Finger on the button of anti-chemical warfare

A tiny UK-designed sensor which can detect an almost limitless range of
airborne chemicals could provide a low-cost alternative to existing
military technology.


A tiny UK-designed sensor which can detect an almost limitless range of airborne chemicals could provide a low-cost alternative to existing military technology.


Owlstone, the Cambridge University spin-out company responsible for the button-sized device, has received $2m (£1m) in venture capital to bring the technology to the market.


Billy Boyle, one of the company’s founders, said the sensors are smaller, cheaper and potentially more effective than any of today’s sensor systems used to detect chemical agents on the battlefield.


While many existing systems, such as carbon monoxide detectors, are designed to react to just one compound, Boyle said Owlstone’s device can gather information about all the chemicals in the air.

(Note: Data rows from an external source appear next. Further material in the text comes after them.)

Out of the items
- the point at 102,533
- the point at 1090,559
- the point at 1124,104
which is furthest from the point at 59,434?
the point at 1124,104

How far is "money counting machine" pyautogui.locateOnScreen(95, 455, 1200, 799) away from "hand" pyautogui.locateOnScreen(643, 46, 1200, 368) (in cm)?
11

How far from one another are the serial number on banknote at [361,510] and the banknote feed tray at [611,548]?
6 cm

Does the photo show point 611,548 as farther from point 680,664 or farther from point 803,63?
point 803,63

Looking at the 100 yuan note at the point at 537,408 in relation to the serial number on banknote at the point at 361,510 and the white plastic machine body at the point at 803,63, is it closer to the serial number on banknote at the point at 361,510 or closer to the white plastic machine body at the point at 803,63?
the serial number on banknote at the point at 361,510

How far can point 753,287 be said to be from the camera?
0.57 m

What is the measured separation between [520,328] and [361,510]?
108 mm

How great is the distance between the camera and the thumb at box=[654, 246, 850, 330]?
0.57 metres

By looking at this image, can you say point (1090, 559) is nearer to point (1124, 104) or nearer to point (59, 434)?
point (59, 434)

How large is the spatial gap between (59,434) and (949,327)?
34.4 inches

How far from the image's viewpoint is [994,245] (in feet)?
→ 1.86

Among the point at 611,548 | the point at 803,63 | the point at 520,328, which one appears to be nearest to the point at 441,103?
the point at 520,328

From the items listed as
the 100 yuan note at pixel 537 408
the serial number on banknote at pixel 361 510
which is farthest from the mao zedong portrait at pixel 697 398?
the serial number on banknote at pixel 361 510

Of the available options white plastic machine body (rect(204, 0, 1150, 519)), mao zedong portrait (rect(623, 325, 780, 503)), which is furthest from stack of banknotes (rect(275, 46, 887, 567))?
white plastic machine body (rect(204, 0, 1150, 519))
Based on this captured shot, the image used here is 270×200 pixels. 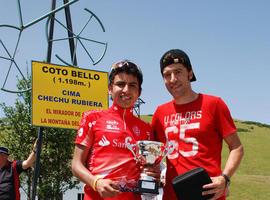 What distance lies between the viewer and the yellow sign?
939cm

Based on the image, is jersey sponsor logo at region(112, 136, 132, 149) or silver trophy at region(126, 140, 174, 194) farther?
jersey sponsor logo at region(112, 136, 132, 149)

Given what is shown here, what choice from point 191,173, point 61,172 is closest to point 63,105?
point 61,172

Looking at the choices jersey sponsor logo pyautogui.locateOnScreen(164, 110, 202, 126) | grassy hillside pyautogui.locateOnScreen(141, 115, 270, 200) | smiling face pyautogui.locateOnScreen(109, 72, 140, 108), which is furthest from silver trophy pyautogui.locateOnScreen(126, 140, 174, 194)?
grassy hillside pyautogui.locateOnScreen(141, 115, 270, 200)

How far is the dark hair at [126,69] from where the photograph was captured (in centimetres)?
346

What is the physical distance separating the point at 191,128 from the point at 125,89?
611mm

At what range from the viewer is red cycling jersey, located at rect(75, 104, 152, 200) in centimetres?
323

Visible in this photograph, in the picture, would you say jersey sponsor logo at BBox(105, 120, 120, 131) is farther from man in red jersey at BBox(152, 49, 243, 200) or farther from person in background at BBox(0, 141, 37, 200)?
person in background at BBox(0, 141, 37, 200)

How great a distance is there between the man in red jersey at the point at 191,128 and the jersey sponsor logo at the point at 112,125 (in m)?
0.44

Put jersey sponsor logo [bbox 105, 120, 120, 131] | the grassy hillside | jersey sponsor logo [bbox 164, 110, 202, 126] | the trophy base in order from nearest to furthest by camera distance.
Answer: the trophy base, jersey sponsor logo [bbox 105, 120, 120, 131], jersey sponsor logo [bbox 164, 110, 202, 126], the grassy hillside

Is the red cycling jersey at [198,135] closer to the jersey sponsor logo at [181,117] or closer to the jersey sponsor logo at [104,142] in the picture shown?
the jersey sponsor logo at [181,117]

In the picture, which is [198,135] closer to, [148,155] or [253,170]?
[148,155]

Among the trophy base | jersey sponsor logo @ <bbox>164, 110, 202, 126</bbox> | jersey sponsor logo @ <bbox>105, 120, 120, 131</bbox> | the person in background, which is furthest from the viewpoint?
the person in background

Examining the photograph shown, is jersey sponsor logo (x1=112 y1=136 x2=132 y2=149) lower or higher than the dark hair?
lower

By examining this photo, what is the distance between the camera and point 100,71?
1037 cm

The sensor’s application is only limited by the software that it is linked to. ‘Each chemical has its own fingerprint, and we’re telling our computer to look for a different fingerprint — whether it’s sarin, mustard gas or compounds in breath to test for cancer,’ he said. Boyle said the military has similar technology, but its devices are ‘around the size of a ghetto blaster’ and cost around £10,000.


‘Ours is a hundred times smaller and a thousand times cheaper,’ he said. The key to the dramatically reduced size and cost is the use of nanofabrication techniques borrowed from the semiconductor industry. While existing systems take weeks to assemble by hand, Owlstone’s engineers produce thousands of sensors at a time. In anticipation of further scaling up of production, the company has signed a deal with an unnamed UK nanofabrication facility.


Conversations with Dstl and interest from systems developers indicate a promising future for the technology, claimed Boyle. Initial applications are likely to be in the military arena, but Boyle said that in the longer term the devices could be used to increase safety on public transport, or to form the basis of highly sensitive next-generation home smoke detectors.